Padula put a deposit on the house the day he saw it. Now, 30 years later, he and his wife, Alice, have placed it on the market for $649,000.

“I’ll miss it,” says Padula. “I’ll miss living in, like, 1812.”

Padula says he thinks his house resembles the Quincy, Massachusetts, homes of former presidents John Adams and his son John Quincy Adams, which are feet apart from one another at Adams National Historical Park.

The exterior of Padula’s house features wood siding, a triangular pediment above the front door, symmetrical multi-paned windows, a central chimney and sharply sloped roof. To match the era, there are few doorknobs in the house. Instead, each door has a hand-forged wrought iron handle and latch, Padula says.

The ceilings are 7 feet 4 inches “because that’s how they built homes in the 1700s so they wouldn’t waste any heat,” Padula says.

This house has three bedrooms and two bathrooms. 

This house has three bedrooms and two bathrooms.  Credit: Coach Realtors

The living room stretches from the front of the three-bedroom, two-bathroom house to the back. It includes a fireplace and oak floors. The house features a formal dining room, a second-level master bedroom with a fireplace, an unfinished basement and two-car garage.
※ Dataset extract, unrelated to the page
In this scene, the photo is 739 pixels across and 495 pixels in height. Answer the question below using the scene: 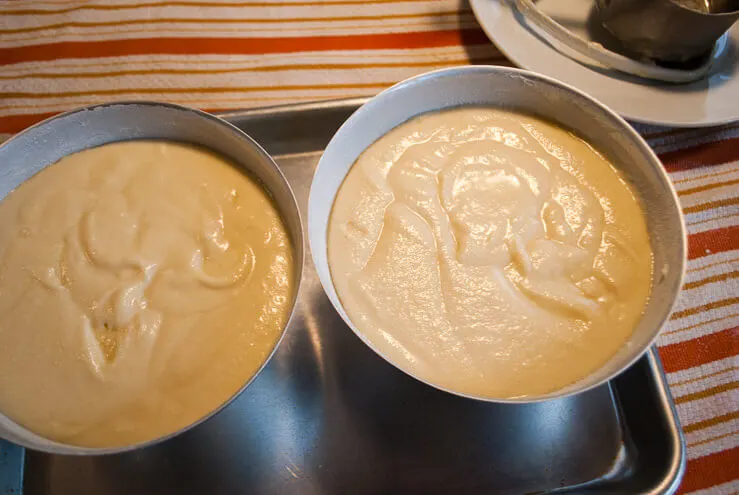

It is on a .81-acre lot next to Kaltenborn Commons, a four-acre park.

“It has a lot of charm,” says listing agent Linda Stowell of Coach Realtors. “You walk through and can imagine yourself in the 1800s.”

Outside the galley kitchen, which was updated in recent years to include granite countertops and stainless steel appliances, Padula says he has kept everything in the house as it was to retain the historical look.

“I tried to keep it all the way it was,” Padula says.  “This is as close as you can get to a house built before the 1800s.”